YOUR ASSIGNMENT |
Of all the entries below, retype only the lines from the one with "Motel Mcwilliam Apartments 19" through the one with "Halvemaan oorverbreder verkrijgbaar", exactly as they appear.

AVAILABLE RECORDS |
***

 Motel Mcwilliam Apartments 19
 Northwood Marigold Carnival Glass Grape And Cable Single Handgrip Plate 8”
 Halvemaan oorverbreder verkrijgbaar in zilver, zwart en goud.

***

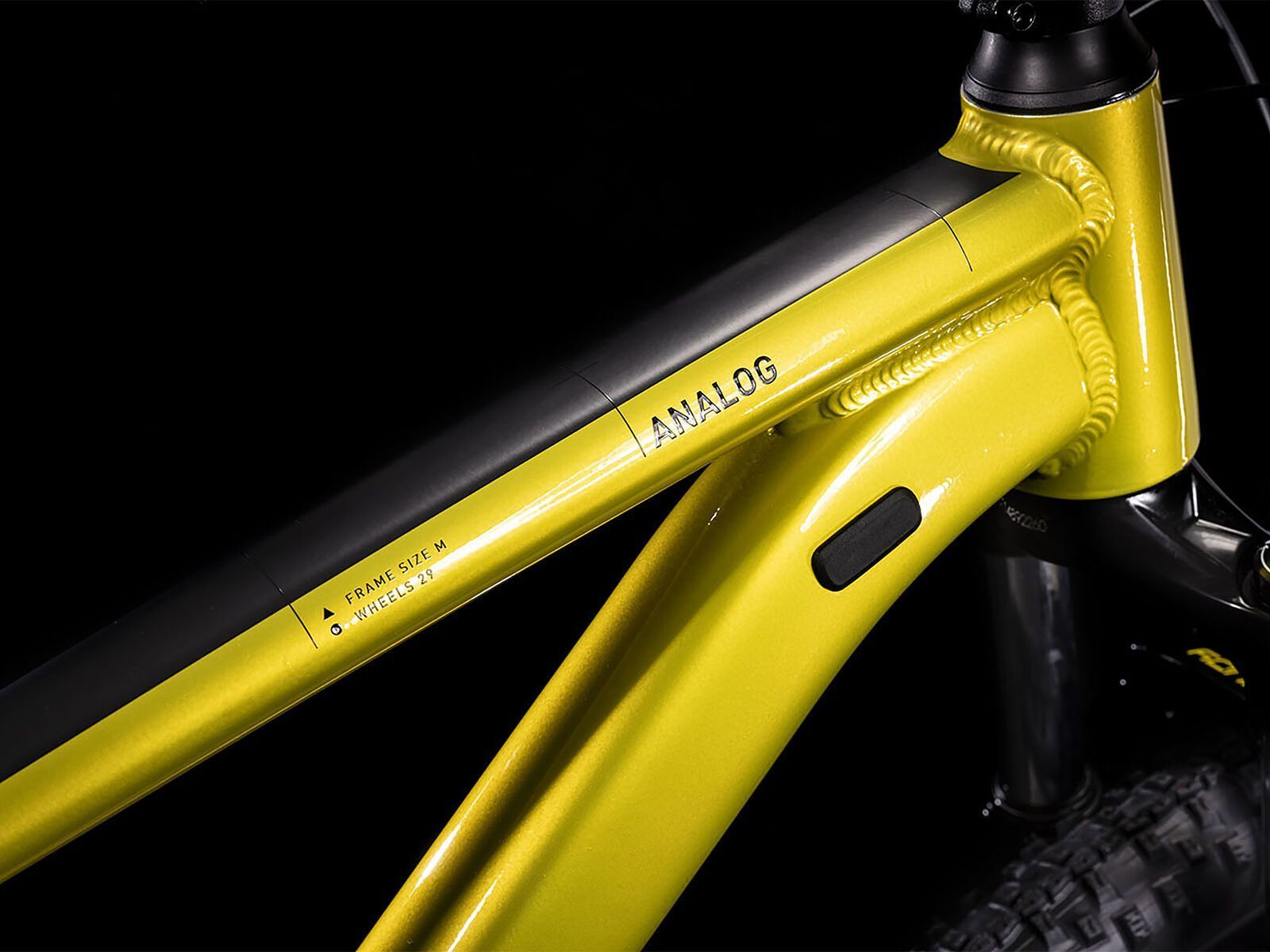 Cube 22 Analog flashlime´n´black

***

EXERCISE SOLUTION |
 Motel Mcwilliam Apartments 19
 Northwood Marigold Carnival Glass Grape And Cable Single Handgrip Plate 8”
 Halvemaan oorverbreder verkrijgbaar in zilver, zwart en goud.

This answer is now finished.